KUALA LUMPUR, Sept 29 – Congenital heart disease (CHD) can dishearten parents looking to welcome a new addition to their family.
Taking its position as the most frequently diagnosed congenital disorder, it affects approximately 0.8 to 1.2 per cent of live births globally, despite no family history or apparent symptoms.
Dr Ang Hak Lee, consultant paediatric cardiologist at Sunway Medical Centre shares his insights on the impact of CHD, treatments available and the importance of early detection of CHD.
“Congenital heart disease itself signifies that the condition or trait was present at birth, making CHD an anomaly affecting the heart that originates during an individual’s birth.
“The symptoms of this condition are often silent and can affect anyone, but the risk increases significantly when there’s a family history of CHD. Specifically, the risk triples if the mother has CHD; if the father has CHD, it doubles.
“In critical cases, if CHD is not detected soon after birth, it can cause fatality, some within the first year or a few years of a child’s life. This is why early detection and awareness, particularly among those with a family history of CHD, are crucial for managing this condition effectively,” he explained.
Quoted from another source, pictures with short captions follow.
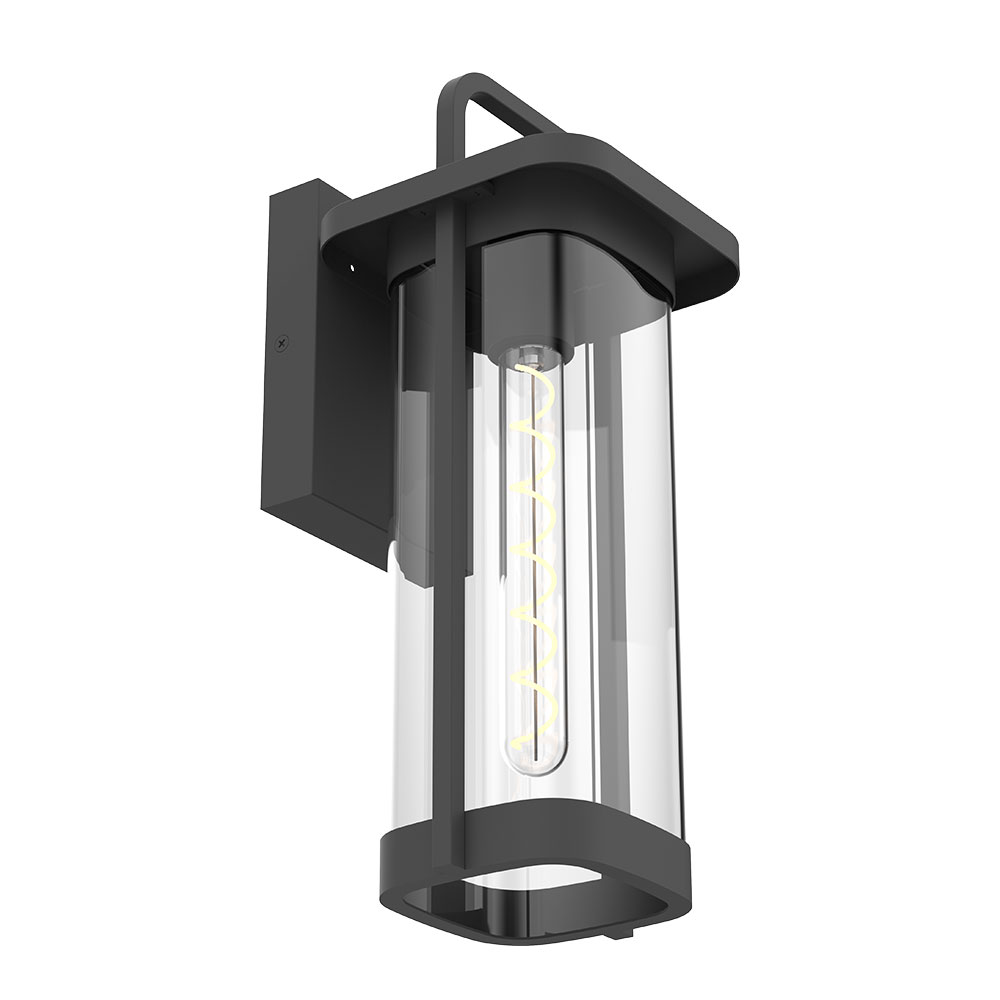 120V Durable Iron+Glass Matte Black IP65 Outdoor Wall Light WL4530
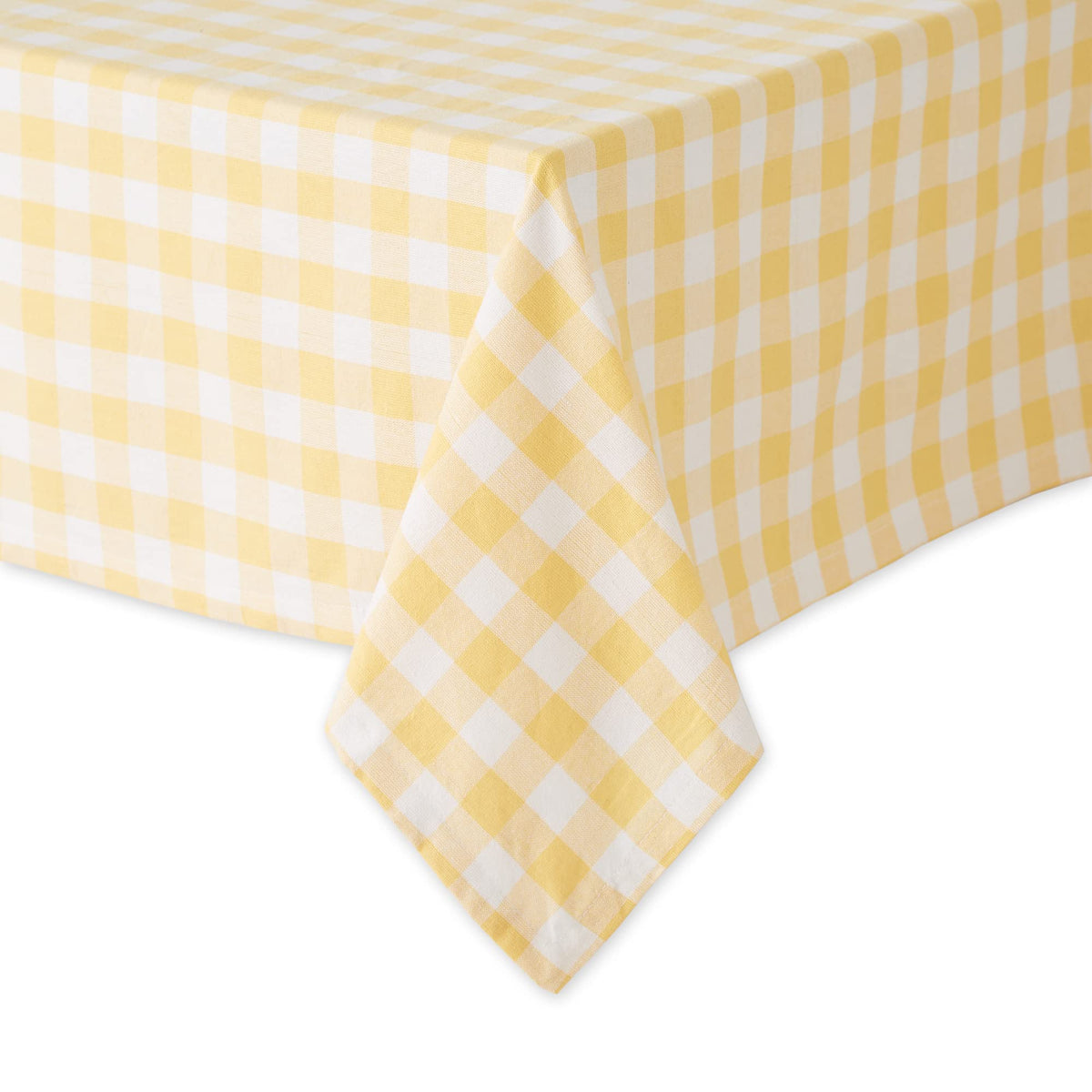 DII checkered tablecloth in yellow closeup cotton texture for everyday use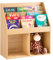 SoBuy Kinder Bücherregal Montessori Regal Kinderzimmer mit 3 Ablagefächern und 2 offenen Fächern Kinderregal für Spielzeug Aufbewahrung Natur 73x80x30cm KMB01-N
CHD Diagnosis: A Lot More Common Than You Think
Locally, an estimated 5,000 newborn babies are diagnosed with CHD every year. Among them, about two-thirds require surgical intervention.
It is worth noting that the prevalence of CHD is not confined to Malaysia alone.
CHD Masked As Normal Paediatric Illness
“One of the significant challenges the health care community faces are that symptoms in infants are usually subtle, making it easy to miss.
“The signs could range from difficulty feeding to bluish discolouration of the skin and lips, and a lot of times, symptoms may not appear early or asymptotic in the first few days of the newborn’s life. Parents often attribute these indicators to common illnesses, delaying the diagnosis.
“To make matters worse, even though CHD is present at birth, not all patients produce signs or symptoms until later, sometimes in adolescence or within two weeks of birth, such as ventricular septal defect (VSD) or atrial septal defect (ASD) known as ‘hole in the heart’. Also, there’s no telling when or even if they will become apparent,” said Dr Ang.
A Silver Lining
Fortunately, advancements in diagnostic techniques have led to improved detection, allowing timely intervention. In the past 50 years, survival of patients with CHD has seen a dramatic increase, and they are more likely to survive into adulthood following surgery.
“One of the major components for early detection in the field of CHD is a simple bedside test called pulse oximetry.
“This painless test only takes a few minutes to measure the amount of oxygen in a newborn’s blood. A low oxygen reading can be a sign of critical CHD.
“While it doesn’t replace a complete history and physical examination, it can detect critical heart defects before oxygen levels become too low, especially for newborns with other major congenital disabilities.
“A paediatric cardiologist will use this test and other screening methods to confirm a diagnosis.
“Non-invasive imaging methods like echocardiograms and advanced screening tools allow us to identify even the subtlest heart abnormalities. Amazingly, foetal echocardiography can detect CHD during prenatal life.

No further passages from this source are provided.